Kateryna Kaminska tiene 29 años y llegó a Bilbao hace dos. Se marchó de Ucrania consciente de que la decisión marcaba un antes y un después en su vida, pero convencida de que hacía lo correcto. La situación de su país, explica, fue la principal razón para emigrar: «Había mucha inestabilidad y las perspectivas de futuro eran inciertas». Kateryna es filóloga y economista, pero ni su experiencia laboral ni las dos carreras universitarias que hizo en paralelo le bastaron para trazar un horizonte de prosperidad en su tierra.

«Tenía dos caminos: o seguía con el negocio familiar sin garantías de futuro o salía del país para emprender algo propio en una nueva cultura», resume para definir su «gran paso», un salto de 3.500 kilómetros que la transportó de Jersón, a orillas del Mar Negro, a Bilbao, a orillas del Mar Cantábrico. «Euskadi no se conoce en mi país. Yo misma vine sin saber casi nada del País Vasco. Lo único que conocía, porque lo estudié en la universidad, era el llamado ‘efecto Bilbao‘. Venir era una oportunidad de ver en directo el modelo de transformación que había estudiado en los libros».

Dos años después, Kateryna siente que acertó. «No hace tanto que me fui de Ucrania, así que todavía aprecio los contrastes y puedo comparar. La cultura vasca es muy diferente a la de mi país. Es singular y fascinante. Además de la gente, que es súper amable, Euskadi es un lugar lleno de oportunidades para crecer. Esta ciudad tiene todo lo que podía soñar. Si realmente quieres hacer cosas, si tienes ganas y deseos de desarrollarte, puedes hacerlo. Mi percepción es que puedes conseguir todo lo que te propongas».

Plantea unos cuantos ejemplos de ello, empezando por los idiomas. «Aprender idiomas en Ucrania es muy caro. Estudiar, en general, no es algo que pueda hacer todo el mundo. Aquí, en cambio, lo puedes hacer. Yo empecé estudiando castellano y ahora estoy aprendiendo euskera. El idioma es el corazón de un país, me parece básico intentar comprenderlo», opina. «Otra cosa que he podido hacer aquí es practicar deportes. En Ucrania, la gente es muy trabajadora pero casi no se toma tiempo para el bienestar. En Euskadi sí hay costumbre de cuidarse. Ves gente haciendo ejercicio, se organizan carreras populares.

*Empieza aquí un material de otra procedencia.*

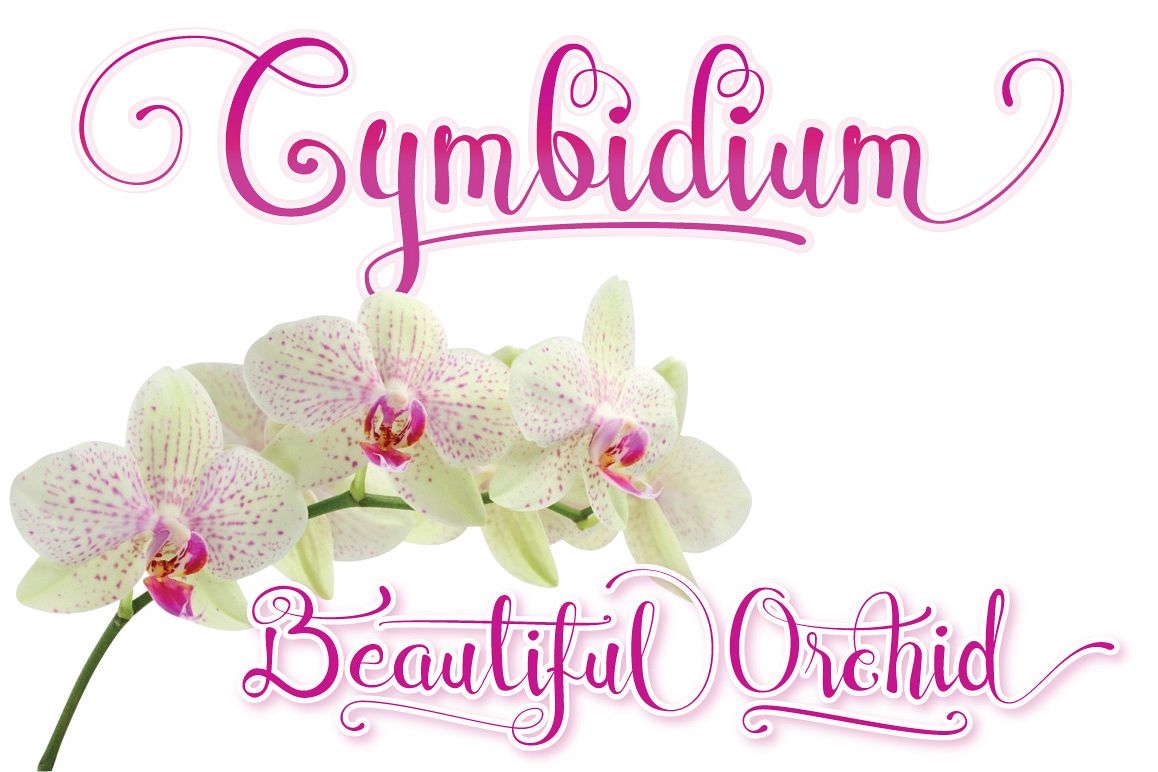 Cymbidium Script example image 1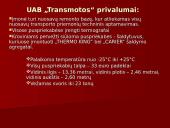 Įmonių palyginimas: UAB "Girteka" ir UAB "Transmota" 15 puslapis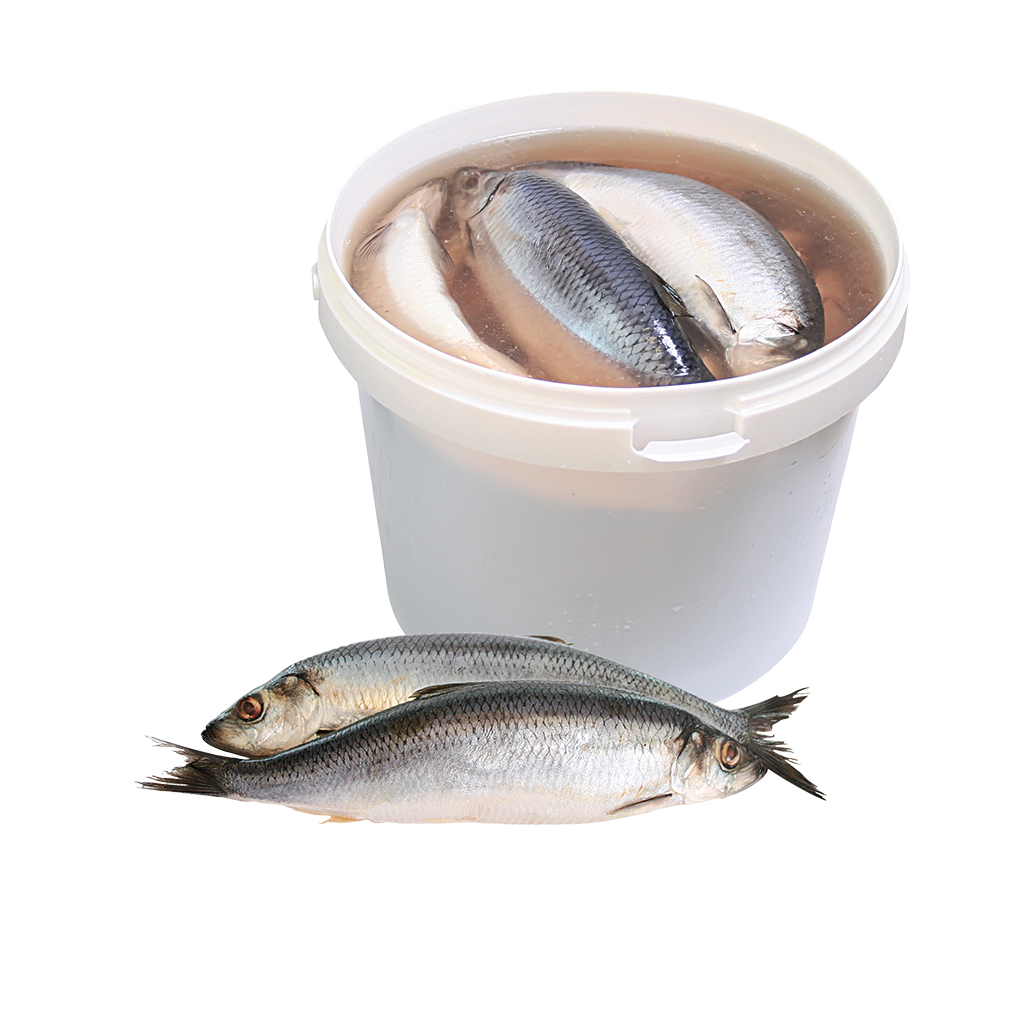 Haring in zoutwater, niet schoongemaakt (Clupea harengus)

Yo he participado en algunas», apunta.

Así y todo, la gastronomía fue uno de los aspectos locales que más la cautivó. «Hice un cursillo de cocina vasca y me encantó, no solo porque es una cocina rica y saludable, sino porque comer es un acto cultural; es algo que incluye a la familia, a los txokos con amigos…». Algo que engarza a la perfección con su trabajo porque Kateryna se dedica a hacer ramos con frutas y verduras. Donde otros ponen rosas o margaritas, ella coloca lombardas, manzanas o pimientos. «O fresas –apunta–. Todo depende de la ocasión. Hace poco preparé un ramo entero de fresas. Me lo encargó un chico que le iba a proponer matrimonio a su novia. Además de original, estaba lleno de vitaminas», dice entre risas.

El retrato frutal

Kateryna siempre tuvo facilidad e interés por las manualidades. Es una defensora de la creatividad y considera que cada persona lleva un artista dentro, que cada uno es bueno en algo. «Bailar, pintar, cocinar… siempre hay algo que te sale especialmente bien y que te da felicidad. En mi caso, es esto». Desde hace ya varios meses combina su trabajo en una imprenta y sus clases particulares de ruso con esta actividad, en la que trabaja por encargo.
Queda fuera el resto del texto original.